Meet Volt, the London fintech taking on Visa and Mastercard’s duopoly

Chief executive Tom Greenwood co-founded Volt with Steffen Vollert and Jordan Lawrence
Chief executive Tom Greenwood co-founded Volt with Steffen Vollert and Jordan Lawrence

Could Volt, a London-based fintech, challenge the very biggest players in the payments market? The firm is charged up, writes Lars Mucklejohn

For six decades, the global payments industry has been dominated by Visa and Mastercard. In 2021, the American giants had 99 per cent market share of UK debit and credit card payments.

Cue Volt. Founded in 2019, the London-based fintech is building a global real-time payment network to challenge the duopoly and shift countries’ reliance on cards.

Most recently valued at more than $350m (£280m) in a 2023 funding round led by Silicon Valley investor IVP, Volt is live in 31 countries, including Brazil, Australia and the UK – where it secured a licence to offer e-money accounts earlier this year. It expects to launch in the US in June and has further ambitions in south-east Asia and Latin America.


“We have nothing but respect and admiration for Visa and Mastercard, but their technology was first designed and implemented in the 1950s – and in 2024, it’s fundamentally the same as it was 70 years ago,” co-founder and chief executive Tom Greenwood tells City A.M.

“So it’s ripe for disruption, and it is being slowly but surely disrupted.”

The future of payments

Greenwood says the two giants have little reason to immediately overhaul their technology while they continue to see strong earnings and a dominant market position.

“You can’t take a Volkswagen Kombi van from the 1960s and easily turn it into a Formula One car that Lewis Hamilton would race,” he says. “They would also be cannibalising their own revenue streams and destroying a lot of their own business if they did so.”

But they are under pressure. Not just from challengers like Volt but politicians, too. A government-backed review last November called for more competition in the payments market and innovation among firms to build an alternative to the UK’s “clunky” Faster Payment Service, which has put it “at risk of falling behind” international rivals.

“Governments and central banks no longer want to be reliant on American infrastructure or American companies,” Greenwood says. “They increasingly see payment architecture as national infrastructure, like healthcare or anything else.”

Volt is betting on open banking to spearhead the revolution. The term refers to financial institutions sharing and using data for the creation of new products. For payments, the technology can enable new routes between customers’ bank accounts and retailers that bypass card networks.

Volt has partnered with the likes of Shopify and Worldpay to enable account-to-account payments for their merchants. The process is faster than using a card because the payment is executed directly from a customer’s bank account.

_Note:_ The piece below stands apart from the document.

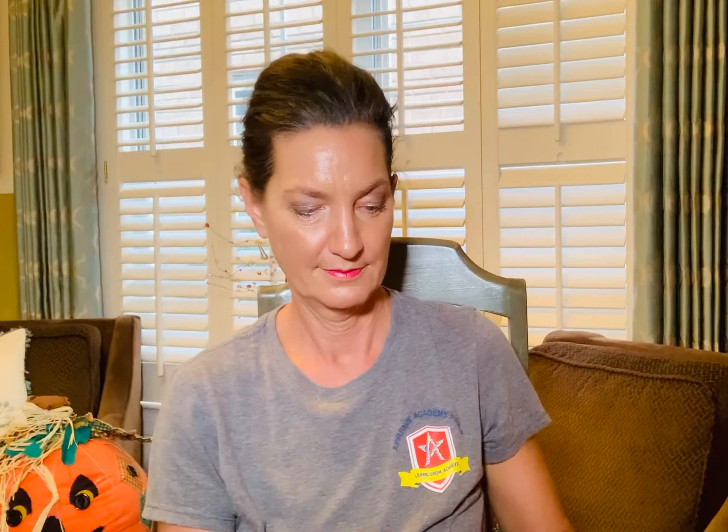Just give him kisses. Good night, little lamb, says Emmy from the barn door. I'll see you tomorrow.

Greenwood also argues that it’s safer. “You authorise it from inside your own banking environment, so someone has got to be able to either hack the bank or unlock your phone, get into your bank app and provide your face ID to confirm a transaction,” he says.

Open banking domination

More than 75 countries have rolled out domestic networks for real-time bank payments, but Britain has lagged behind others in making open banking the norm.

“It already is the norm in Brazil, China and India. In the BRIC nations, it’s already not only implemented, but it’s dominant,” Greenwood says.

“Britain’s been a modern industrialised economy for longer. Cards were the best way to do things in the 1960s, 70s and 80s, and so because of that, we’re deeply entrenched in them. It didn’t happen in a big way in some other countries, so they’ve been able to jump straight to the future.”

Closer to home, Greenwood lauds the Netherlands’ iDEAL system. Launched in 2005, it was used for 83 per cent of the country’s ecommerce transactions in 2021.

“As some maturity comes to the product, as it starts becoming more familiar, it will very quickly rise up,” Greenwood says, expecting a major realignment within the next five to 10 years.

When it comes to Volt’s own future, Greenwood says an IPO could be a possibility but that the firm is “still in start-up and scale-up mode”.

One of Volt’s main European rivals, Tink, took a different exit strategy when it was acquired by none other than Visa in 2022 for €1.8bn (£1.5bn).